Three of Alabama’s major daily newspapers have announced plans to drop back to three-day-a-week print editions. Ricky Mathews, who serves as publisher for the Birmingham News, Mobile Press-Register and Huntsville Times, will now head a digital division of the regional Newhouse group, which also includes the New Orleans Times Picayune. The New Orleans paper also will cut to three days, after 175 years as a daily.
While Mathews says the news organization will focus more on digital coverage with up-to-the-minute reporting, the ownership also announced staff cutbacks.
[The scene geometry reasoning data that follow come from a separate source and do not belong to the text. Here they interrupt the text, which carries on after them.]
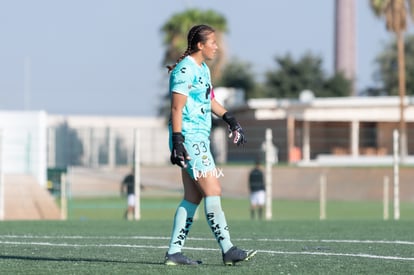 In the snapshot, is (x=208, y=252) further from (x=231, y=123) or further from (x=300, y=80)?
(x=300, y=80)

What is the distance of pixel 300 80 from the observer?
82062 millimetres

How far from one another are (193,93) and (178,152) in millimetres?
564

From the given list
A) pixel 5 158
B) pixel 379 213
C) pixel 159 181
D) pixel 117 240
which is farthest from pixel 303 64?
pixel 117 240

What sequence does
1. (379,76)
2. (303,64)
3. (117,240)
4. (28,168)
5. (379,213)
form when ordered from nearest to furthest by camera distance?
(117,240), (28,168), (379,213), (303,64), (379,76)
In an interview with Business Alabama in January, Mathews said repeatedly that digital would not “eclipse” print any time soon, noting that even in the digital age, print readership has dropped only 15 percent.
“It’s interesting that some industry watchers were too focused on declaring the point when digital will eclipse print, ” Mathews said in the January interview. “We don’t see that happening, when you look at print numbers and how many consumers still go to print.
“The Scarborough Report showed 50 percent of our audience get their information only from the printed newspaper, which is pretty significant, ” Mathews said.
New to the media market, Warren Buffett questioned the change. The billionaire owner of Berkshire Hathaway, which bought 63 newspapers earlier this year, is quoted in the Miami Herald saying it’s the job of newspapers “to make your paper indispensable to anyone who cares about what is going on in your city or town.”